A detailed examination of the signaling changes in Fibroblasts, Neurons, Endothelial cells, and Lymphatic Endothelial cells between normal and iLQTS samples, as depicted in Figure S1A, reveals a notable increase in the signaling strength and interaction of key molecules. Specifically, there is enhanced signaling associated with LAMININ, a component of the extracellular matrix, and adhesion molecules such as PECAM1 and NCAM. These molecules are crucial for cell‐cell interactions and immune cell trafficking.
Figure S1B presents a closer look at the increased ligand‐receptor interactions where Neuronal cells are the receiving cells. This suggests that Neuronal cells may be actively involved in modulating immune responses in iLQTS. Figure S1C further illustrates the heightened interactions with T cells as receivers, indicating a potential direct role of neuronal signaling in the recruitment and activation of T cells. Altogether, our findings lead us to hypothesize that Neuronal cells in iLQTS may play a pivotal role in regulating immune cell trafficking and inflammatory responses. This regulation appears to be mediated, at least in part, by the expression of neuronal and endothelial adhesion molecules. By influencing the adhesive interactions between immune cells and the vascular endothelium, these neuronal cells may modulate the infiltration of immune cells into tissues, thereby impacting the overall immune response in iLQTS. This hypothesis is supported by the observed changes in adhesion molecule signaling and suggests that targeting these pathways could potentially offer a novel therapeutic strategy for modulating immune responses in iLQTS.

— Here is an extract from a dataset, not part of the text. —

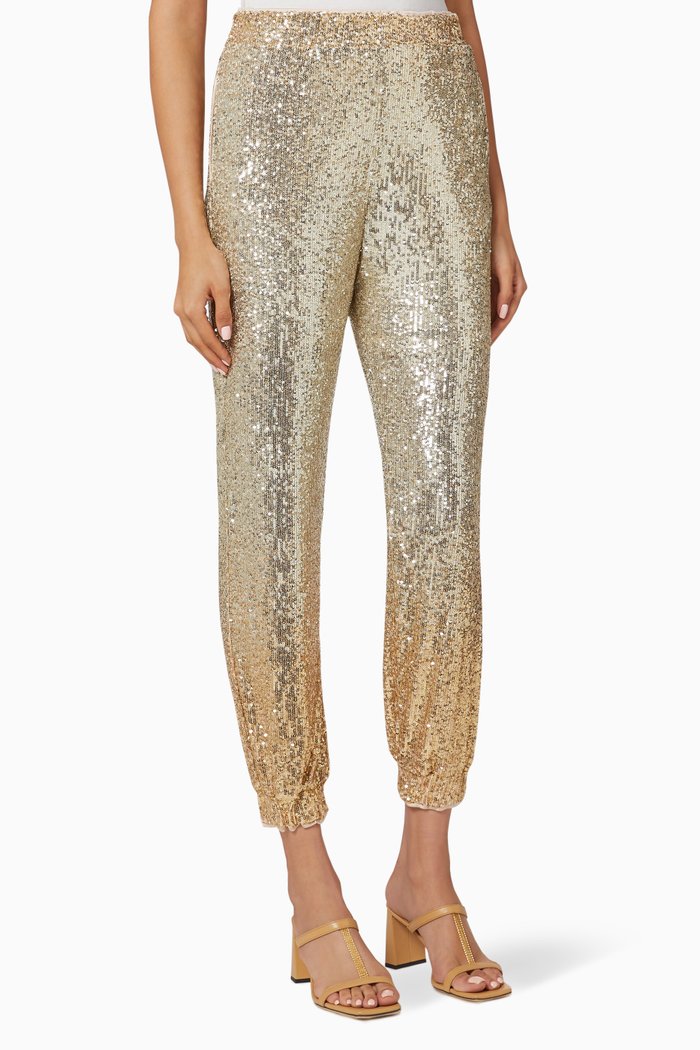 

Annunziare 7 Sequin Pants, Gold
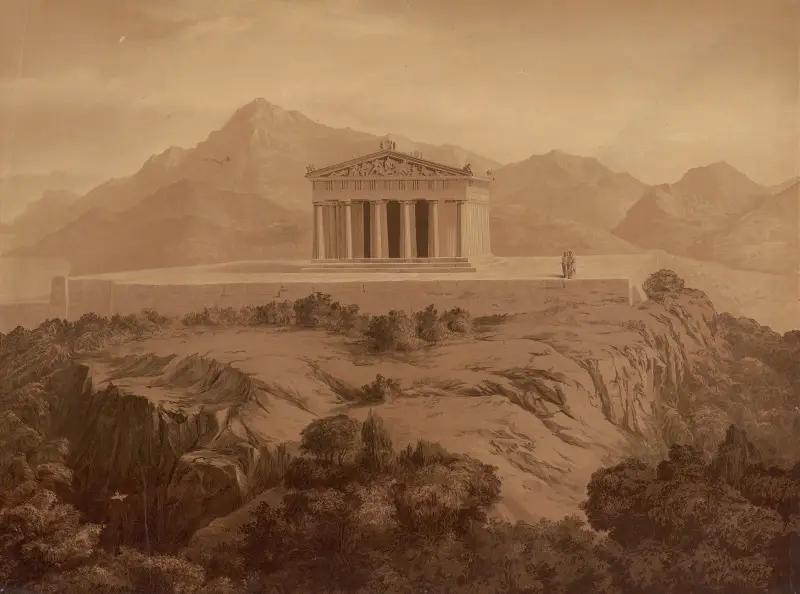 Aphaia-templet på Aegina av Josef Langl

3.5. Integrated Analysis of Differentially Expressed BD Donor Plasma Proteome and Neuronal DE Genes Revealed Integrin Cell Surface Interactions as Important Regulatory Pathway Implicated in iLQTS
To further by examining how BD impacts these pathways at the proteome level. A total of 463 proteins were identified in their study using label‐free protein quantification using high‐definition mass spectrometry. Using adjusted p value < 0.05 as significant, we identified 119 up‐regulated and 124 down‐regulated plasma proteins (Figure S2A). Through our single nuclei analysis, we hypothesized a major role of Neuronal in driving the molecular changes implicated in BD related iLQTS. Thus, we sought to explore the relationship between BD plasma proteins and Neuronal in iLQTS in order to determine potential cause and therapeutic targets. To accomplish this, we used an online multi‐omics analysis platform, Omicsnet 2.0 [26], which gave clear visualization of biological network visualization using DE BD donor plasma proteome and Neuronal gene expression with protein‐protein interaction (PPI) network framework as shown in Figure S2B (Pink nodes as plasma protein and Blue nodes as Neuronal DE genes). ITGB1 (Integrin Subunit Beta 1) emerged as gene with highest connectivity (Figure S2B; increasing node size implicate higher connectivity). Through Reactome and KEGG database enrichment, relevant pathways were enriched. Integrin cell surface interactions, axon guidance, PDGF and NGF signaling, gap junction, apoptosis, as well as innate immune system and cytokine‐cytokine receptor interaction pathways (Figure S2C).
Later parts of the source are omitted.